Firefighters oppose report calling for cuts
January 20, 2010 - 10:00 pm
About 200 firefighters wearing yellow T-shirts made a unified show of force Tuesday as Clark County commissioners received an advisory panel's report that includes recommendations to reduce firefighters' overtime pay and eliminate paramedic teams.
The report is a culmination of the panel members' talks over several months and votes they cast two weeks ago.
The 15-person Committee on Community Priorities was created in July to discuss making departments leaner in the face of a growing budget shortfall.
Commissioners got the report on a day the county finance director estimated that plummeting tax revenue will put the county more than $150 million in the hole and perhaps as much as $200 million. The previous estimate was $126 million.
Firefighters packed the Government Center's auditorium. A sea of yellow shirts could be seen in seats, aisles and the main hallway.
"I think a little controversy is a good thing," said Commissioner Rory Reid, looking out at the crowd.
The report was presented at the meeting as a "business item," which doesn't allow public comment. Commissioners agreed to discuss the recommendations piecemeal in the coming months and let the public weigh in.
The suggestions included consolidating services, cutting some jobs and adding a clause to labor contracts that would automatically reduce wages in dire economic times.
Most panel members indicated they thought firefighters' labor costs, especially overtime pay, should be reduced. Some favored eliminating Fire Department paramedics and assigning all emergency care to ambulance carriers.
Outside the meeting, the leader of the local firefighters union said panel members went strictly on the overview they got from the fire chief, giving them a skewed view.
"They never met with the men and women that provide the service," said Ryan Beaman, president of the International Association of Firefighters Local 1908.
Many people don't realize that fire-and-rescue paramedics have more stringent standards to meet than private carriers, such as a response time of seven minutes or less, Beaman said. "We are able to serve the public quicker and better."
Beaman said he hopes firefighters will be included in future discussions.
Yes, overtime is high, he said, but the department is understaffed. The national standard calls for an area to have 1.22 firefighters per 1,000 residents, Beaman said. Clark County has 0.7 firefighters for every 1,000.

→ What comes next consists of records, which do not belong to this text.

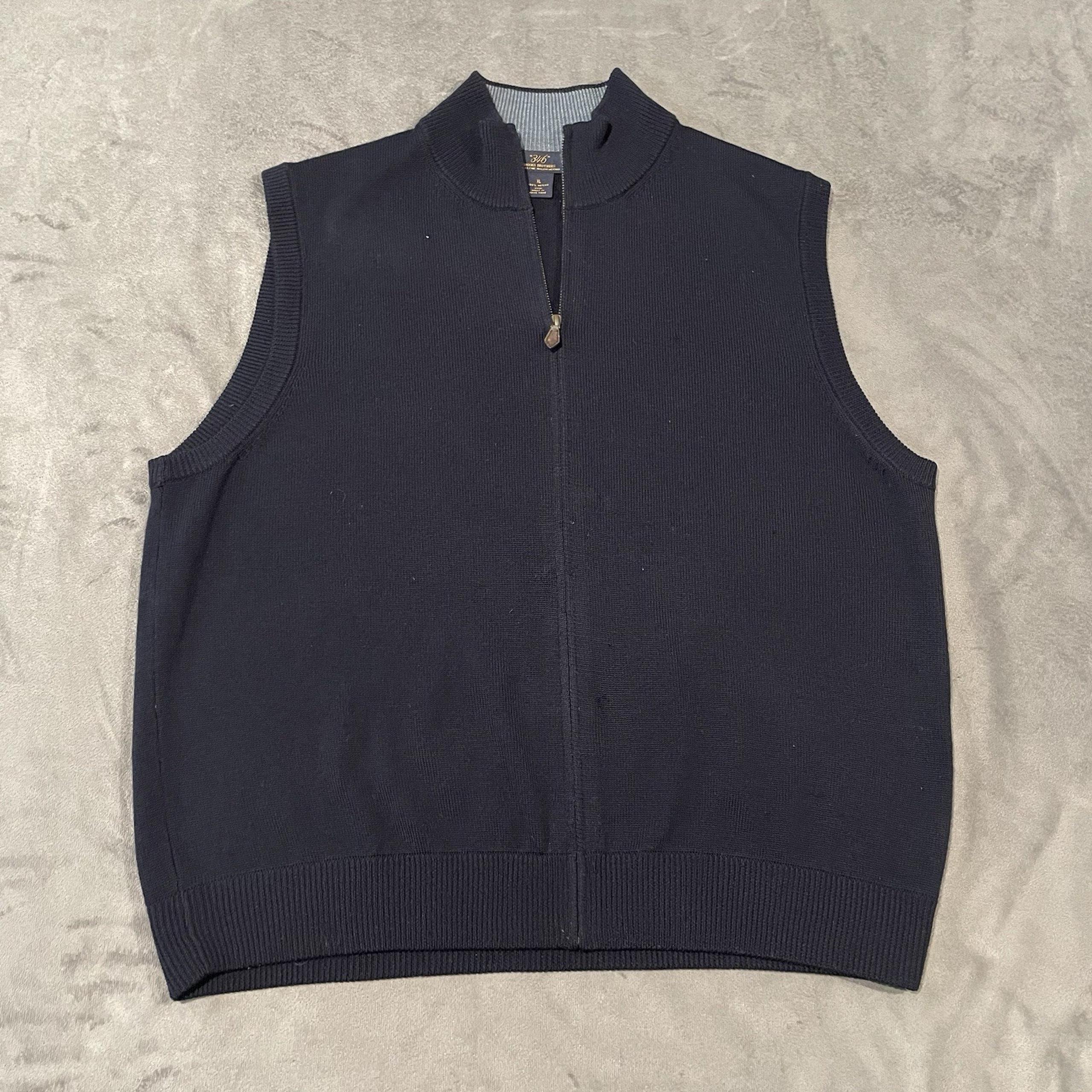 Brooks Brother Vest Mens XL Navy Blue Italian Merino Wool Full Zip Sweater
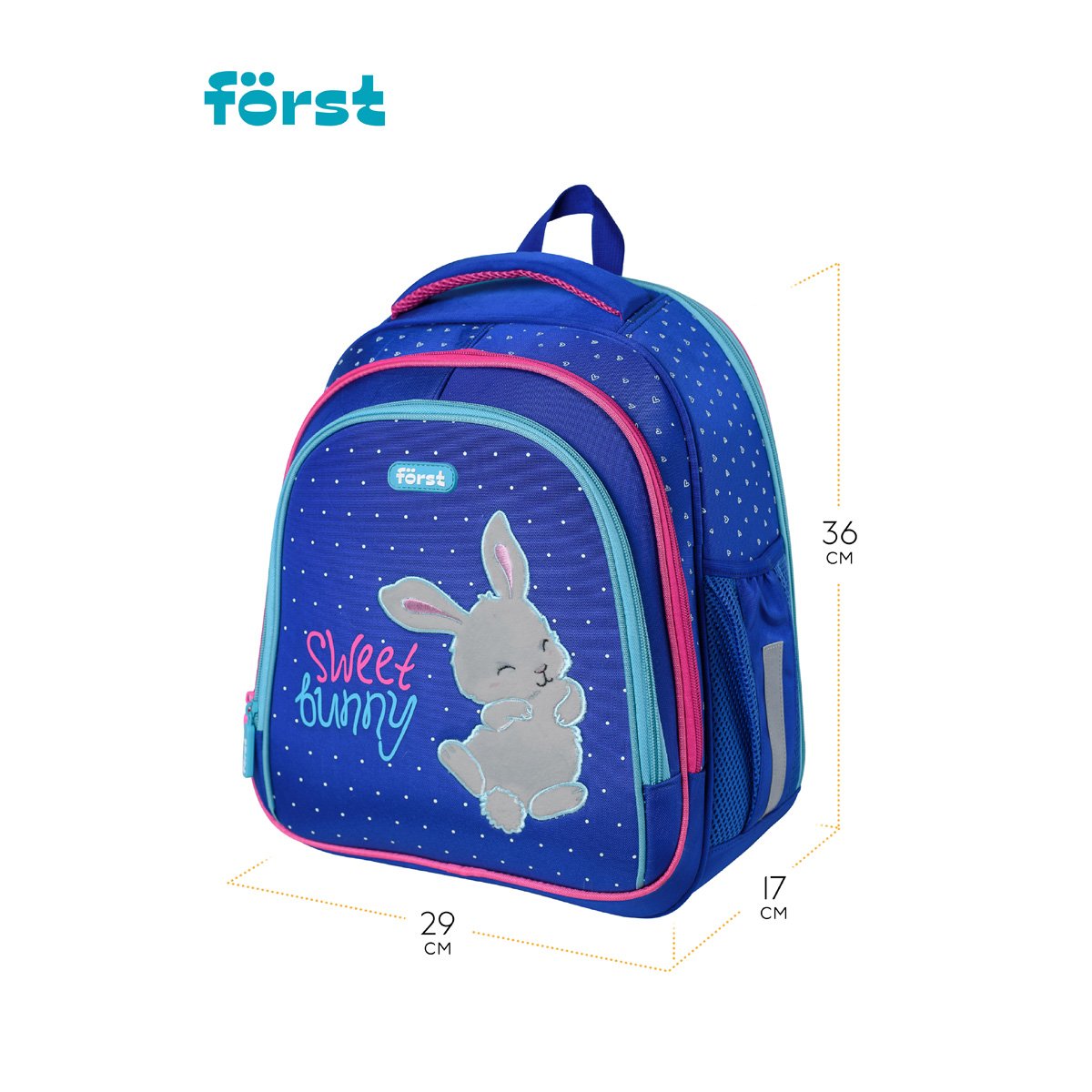 Ранец Först F-BASE «Sweet bunny» 36×29×17 см, 3 отделения, 2 кармана, анатомическая спинка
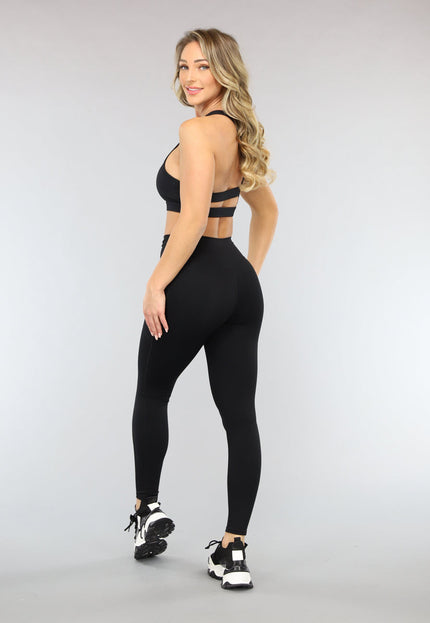 OP=OP! Zwarte Sportlegging met Overslag Taille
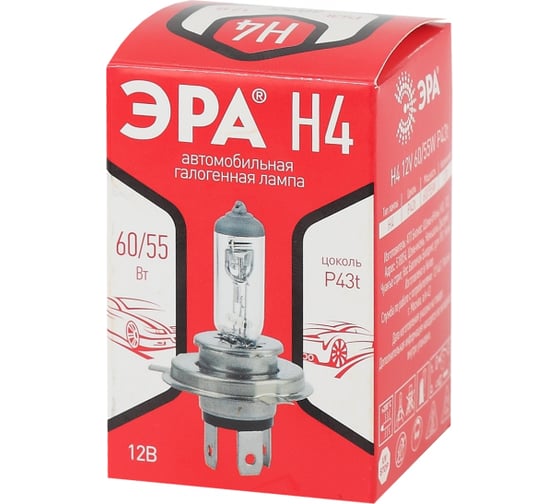 Автолампа Н4 12V 55W P43t ЭРА Б0036776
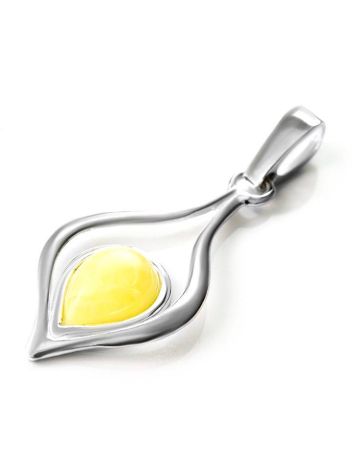 Lovely Silver Pendant With Honey Amber The Fiori, image , picture 3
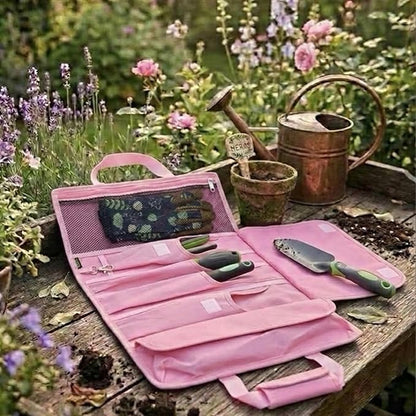 Garden Tool Bag, Roll-Up Garden Tool Holder with Deep Pockets | 900D Polyester Heavy Duty Gardening Tote | Compact Washable Organizer for Tools, Seeds, and Essentials (Tools Not Included)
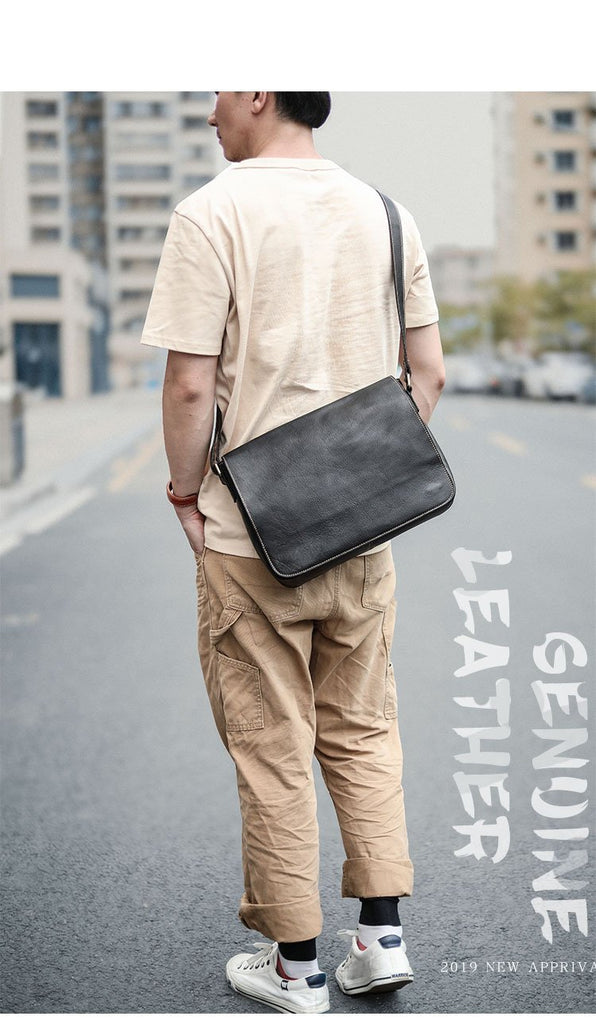 Casual Black Leather Mens 11 inches Courier Bags Messenger Bag Vintage –  iwalletsmen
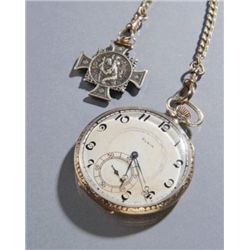Elgin 14K gold pocket watch with chain.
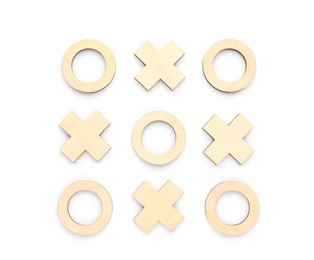 Photo of Wooden tic-tac-toe set on white background, top view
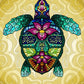 farbenfrohe digitale illustration einer schildkröte mit mustern und floralen elementen von Seraphine Arts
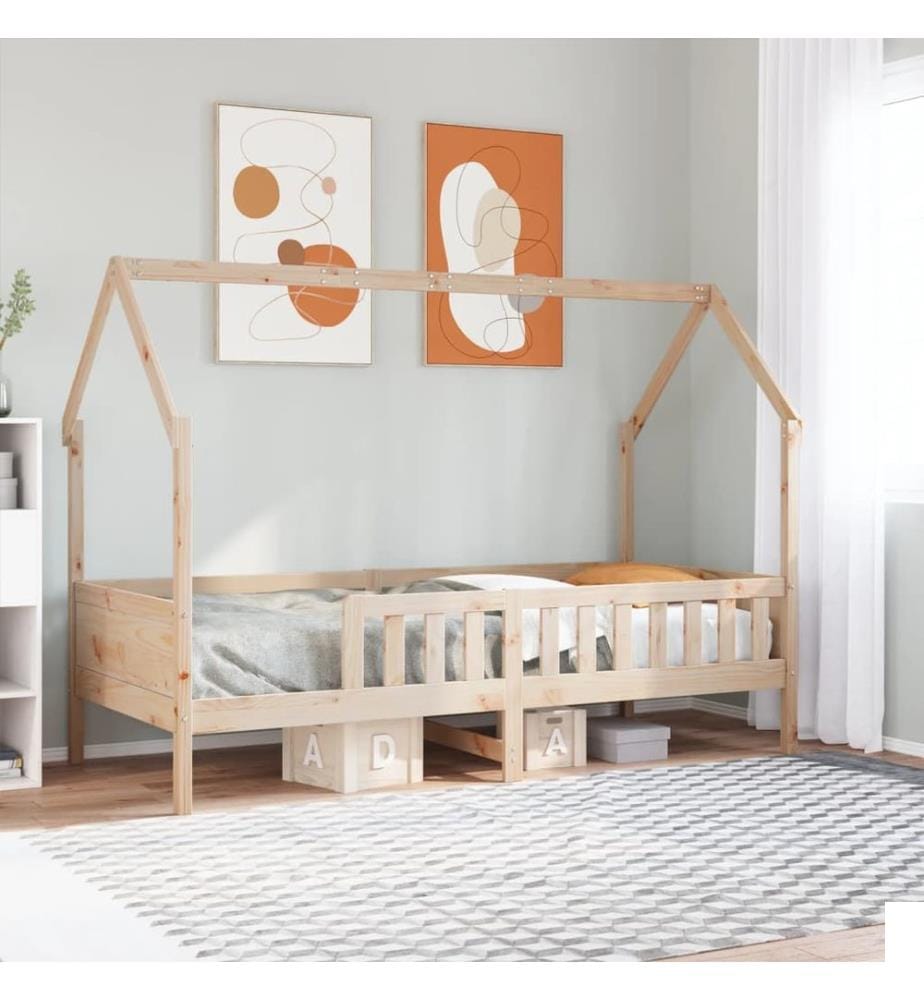 Cadre de lit d'enfants forme de maison sans matelas pin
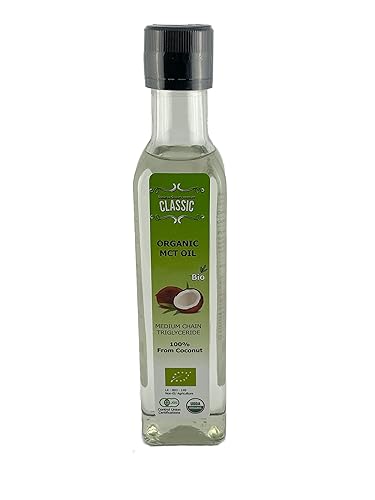 Aceite orgánico MCT Certificado USDA Botella de vidrio reutilizable de 8.5fl oz (8.4 fl oz)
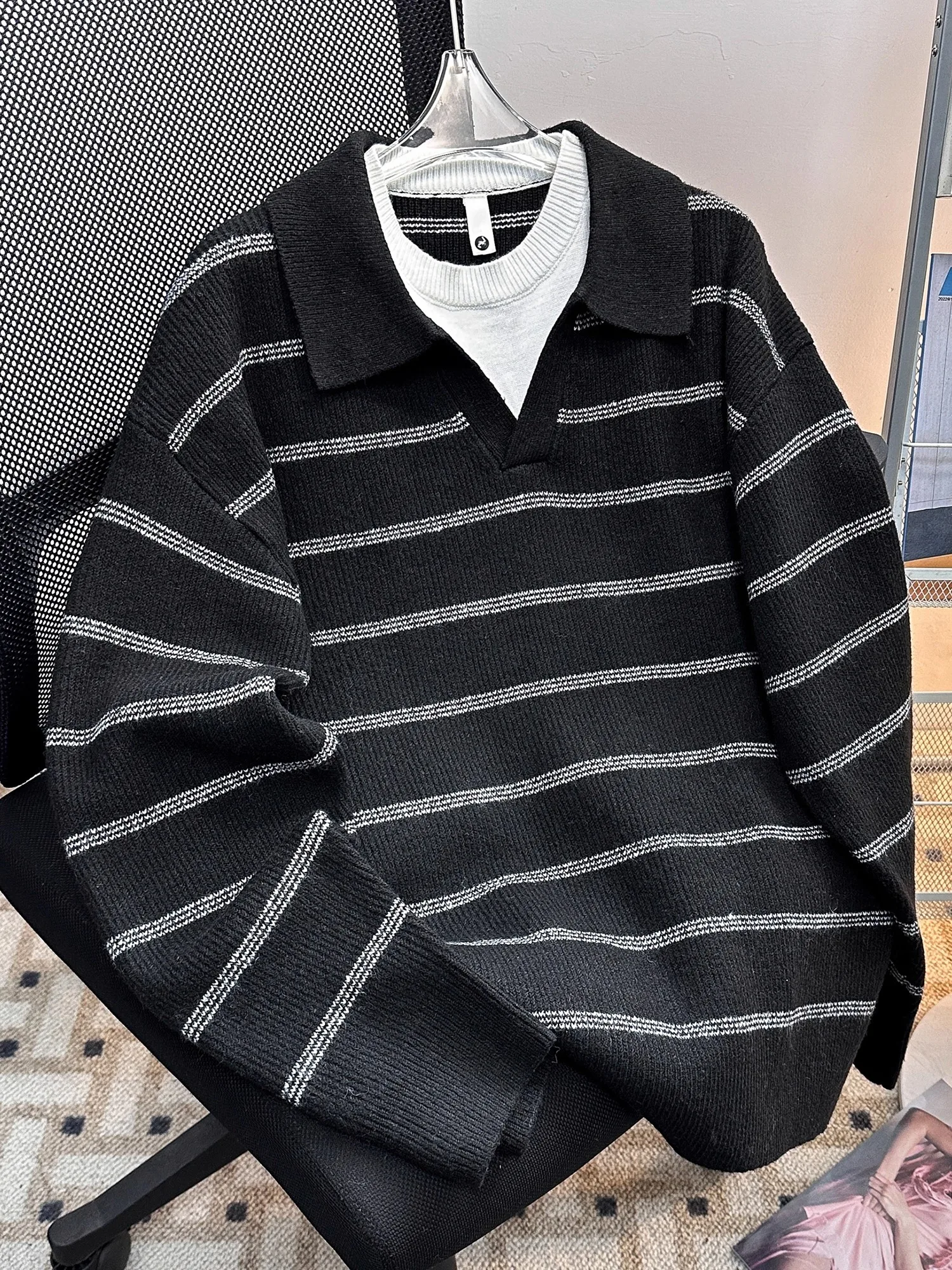 

Мужской вязаный свитер с V-образным вырезом, в полоску, свободного кроя, осенне-зимний, модный, повседневный, с длинными рукавами, термотоп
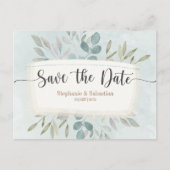 Rustic Watercolor ダスティブルー Save the Date 案内ポストカード (正面)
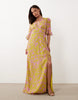 Hope & Ivy Petite v-neck frill short sleeve slit front maxi dress in green and pink floral
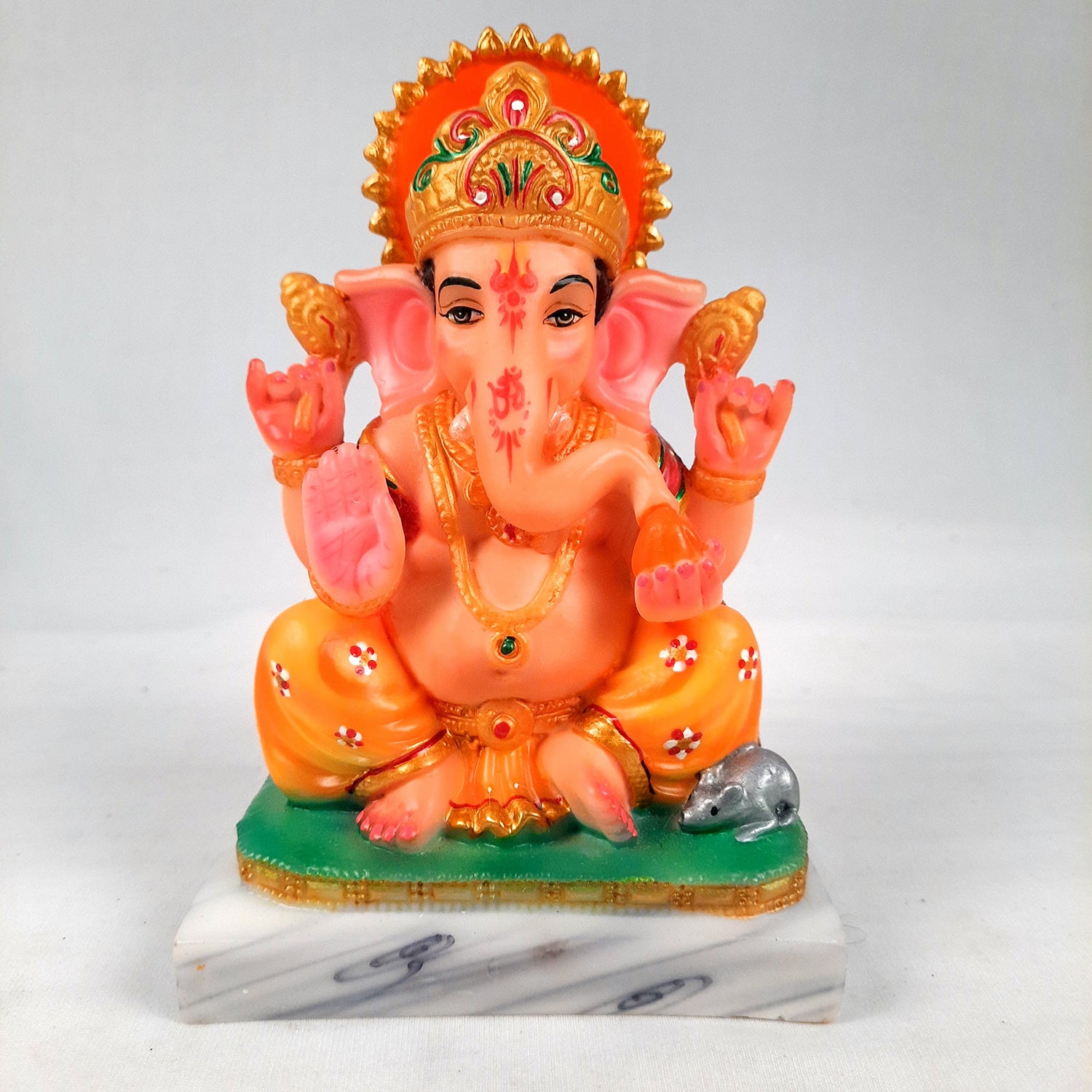 Ganesh Statue | Lord Ganesha Idol | Ganpati Murti - for Home, Puja, Living Room, Entrance, Office Desk, Table Decor & Gifts - 7 Inch - Apkamart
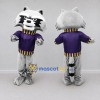 Custom Gray and Purple Raccoon in Sweater Mascot Costume Adult Full Body Suit for Woodland Events Custom Gray and Purple Raccoon in Sweater Mascot Costume Adult Full Body Suit for Woodland Events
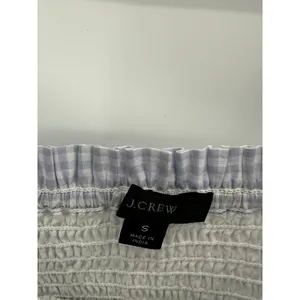 J.Crew Top Women‎ SMALL Purple White Striped Short Sleeve Smocked Cropped thumbnail 4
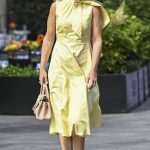 Charlotte Hawkins in a Yellow Dress Arrives at the Global Studios in London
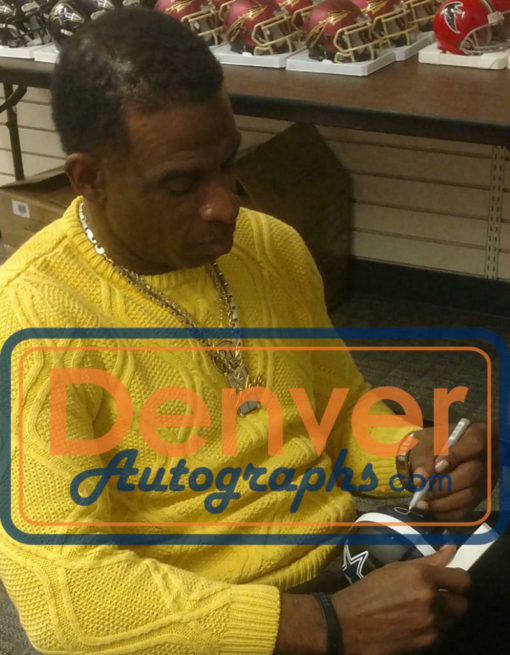 Deion Sanders Autographed/Signed Dallas Cowboys Black Mini Helmet BAS 22737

Other union leaders complained that the panel worked with one-sided data.
The committee got most of its information from managers and little from rank-and-file workers and people who use the services, said Al Martinez, president of the Service Employees International Union Local 1107. SEIU represents most of the county's employees.
Martinez and another SEIU official on the panel refused to vote on recommendations.
Some members didn't understand that you can't stick a wage-reducing clause in a contract without the union's blessing, Martinez said. "I'm not going to deviate from the contract."
Martinez said it was unfair to lay all the blame on workers, especially when they saved the county $15 million by taking a smaller cost-of-living raise.
Nancy Brune, who co-chaired the panel, said some members thought the information they received was incomplete. She agreed with union officials that they should have heard more from people who weren't in management.
County Commissioner Tom Collins said deciding which recommendations to accept or reject will become political.
He said the answer is never to cut workers' pay. "If they're not worth what you're paying them, then you should fire them," Collins said.